BACKGROUND: In patients with left ventricular (LV) dysfunction, inhaled nitric oxide (NO) decreases pulmonary vascular resistance (PVR) but causes a potentially clinically significant increase in left atrial pressure (LAP). This has led to the suggestion that inhaled NO may reach the coronary circulation and have a negative inotropic effect. This study tested an alternative hypothesis that LAP increases because of volume shifts to the pulmonary venous compartment caused by NO-induced selective pulmonary vasodilation. METHODS AND RESULTS: The Thermo Cardiosystems Heartmate is an LV assist device (LVAD) that can be set (by controlling pump rate) to deliver fixed or variable systemic blood flow.
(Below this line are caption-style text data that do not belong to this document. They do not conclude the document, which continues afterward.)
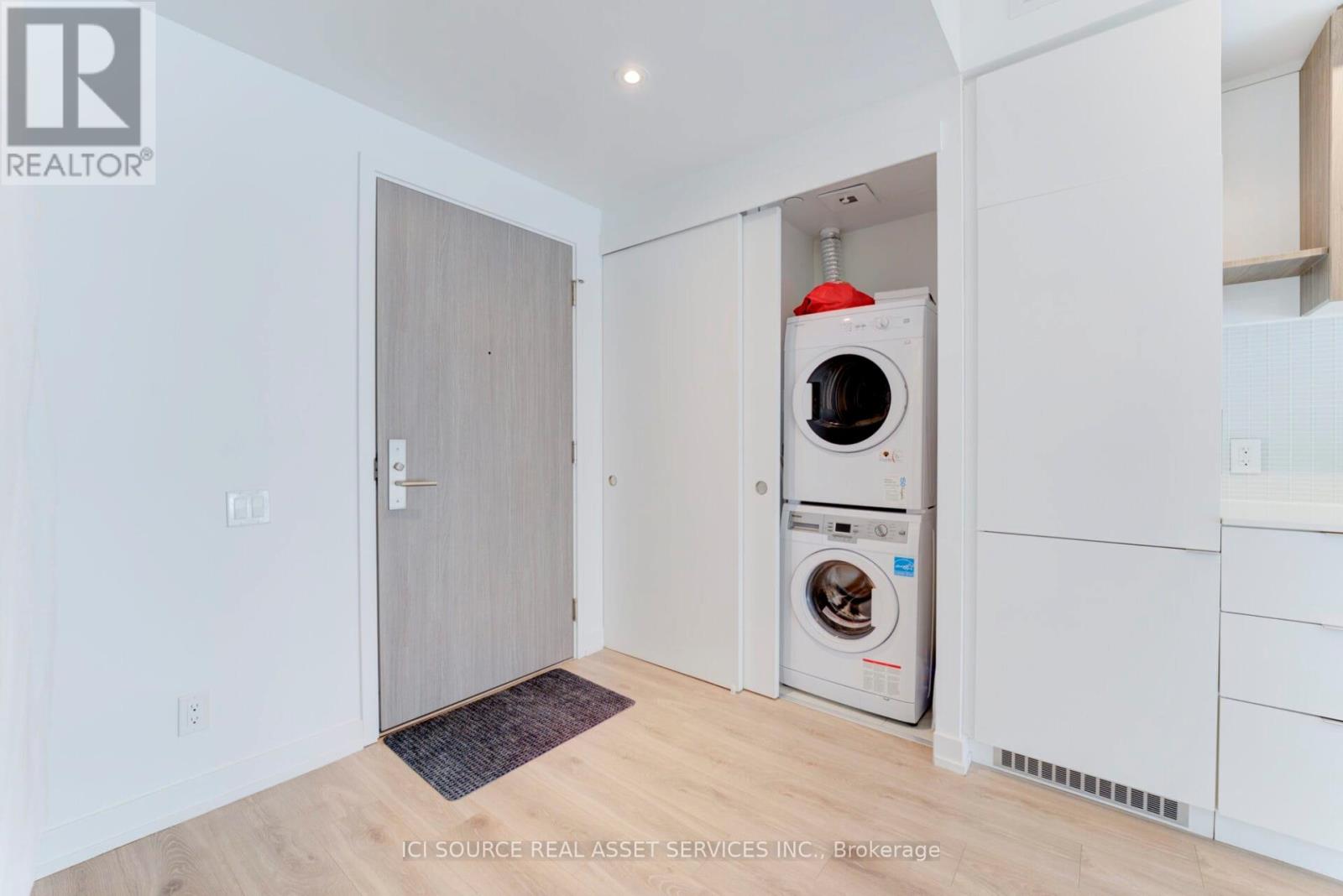 317 - 161 Roehampton Avenue, Toronto, Ontario  M4P 0C8 - Photo 2 - C12542974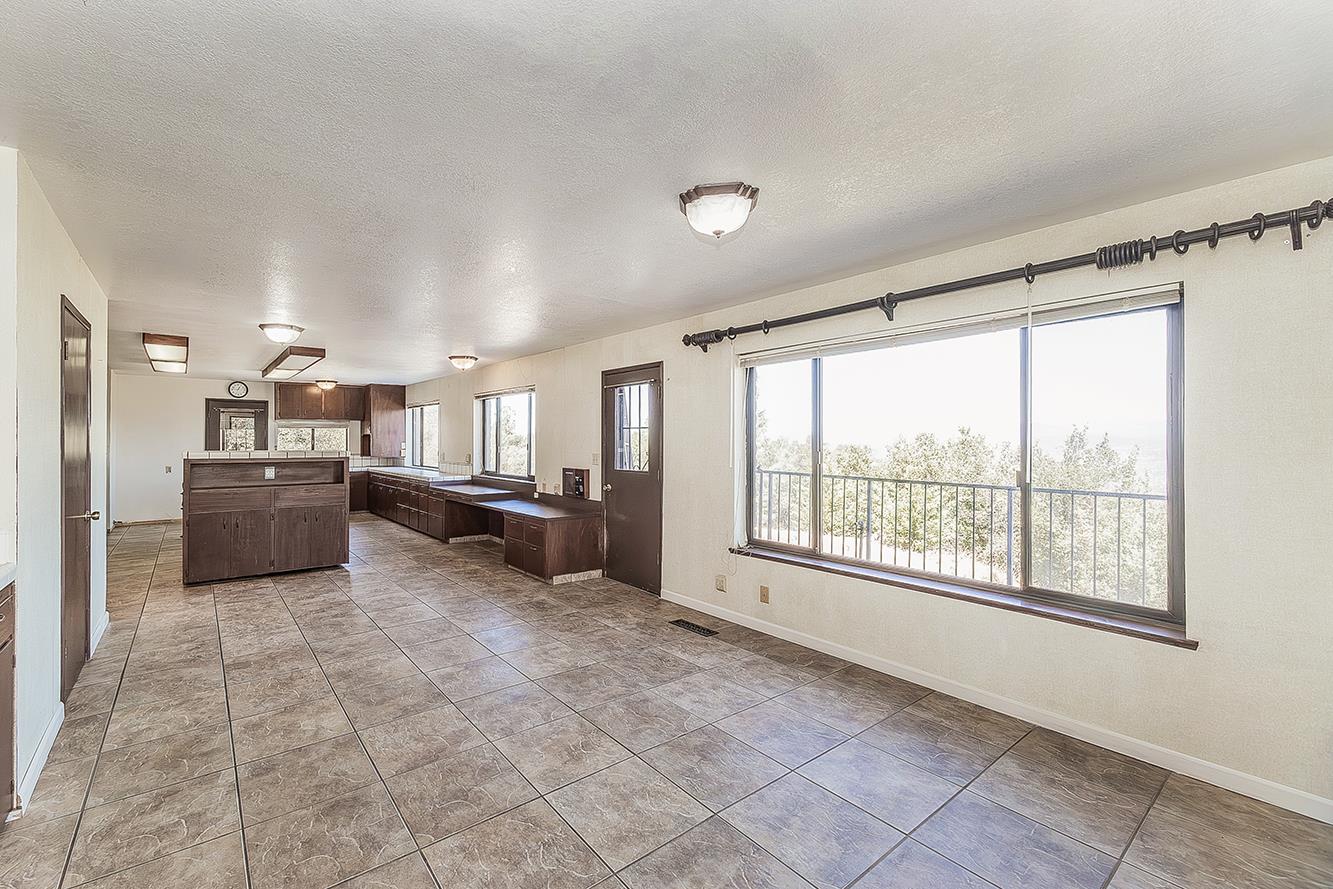 35085 Auberry (Comstock) Rd, Auberry, CA 93602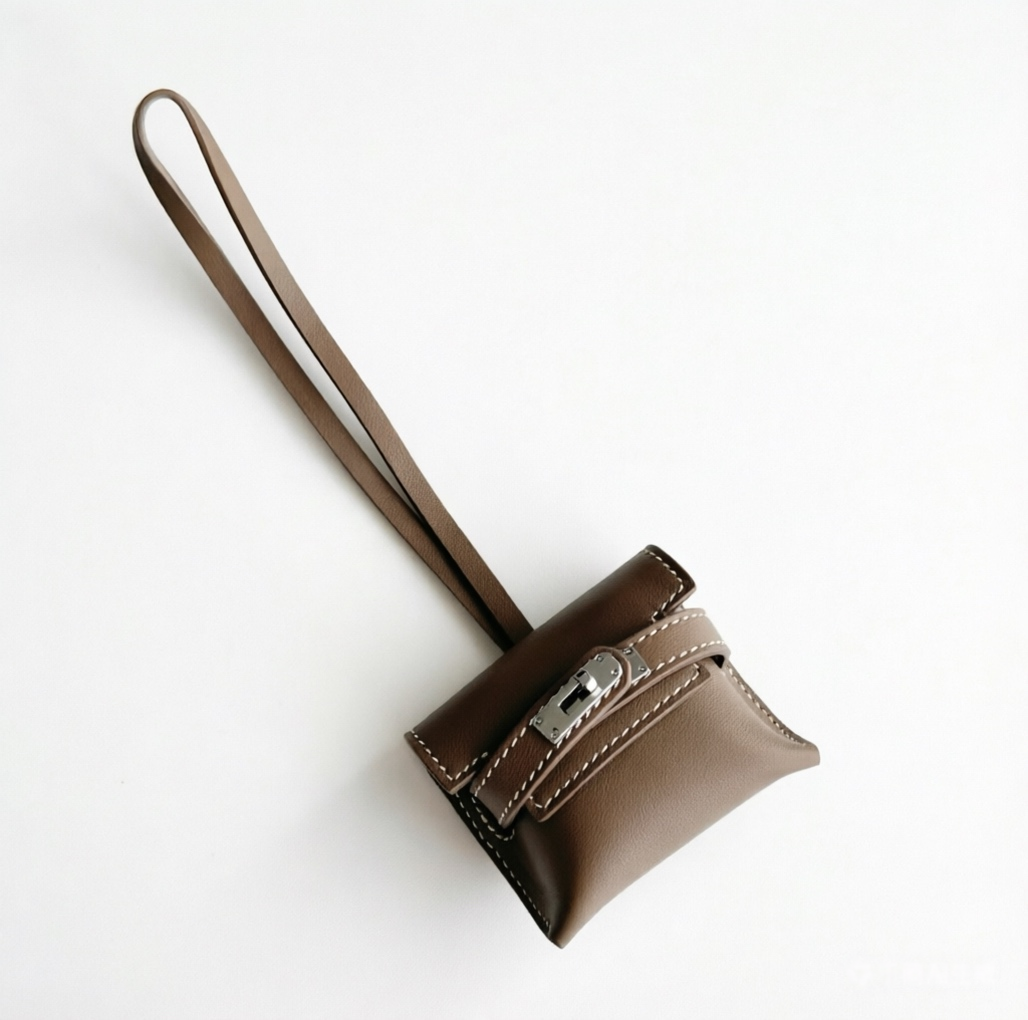Aveline Lock Charm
Eight patients (between 1 and 11 days after LVAD implantation) were administered inhaled NO (20 and 40 ppm for 10 minutes), and LAP, systemic flow, and pulmonary arterial pressure were measured in both fixed and variable pump flow modes. In both modes, inhaled NO lowered PVR (by 25 +/- 6% in the fixed mode, P < .001, and by 21 +/- 5% in the variable mode, P < .003). With fixed pump flow, LAP rose from 12.5 +/- 1.2 to 15.1 +/- 1.4 mm Hg (P < .008). In the variable flow mode, LAP did not increase and the assist device output rose from 5.3 +/- 0.3 to 5.7 +/- 0.3 L/min (P < .008). CONCLUSIONS: A selective reduction in PVR by inhaled NO can increase LAP if systemic flow cannot increase. These data support the hypothesis that with LV failure, inhaled NO increases LAP by increasing pulmonary venous volume and demonstrate that inhaled NO has beneficial hemodynamic effects in LVAD patients.  相似文献   

13.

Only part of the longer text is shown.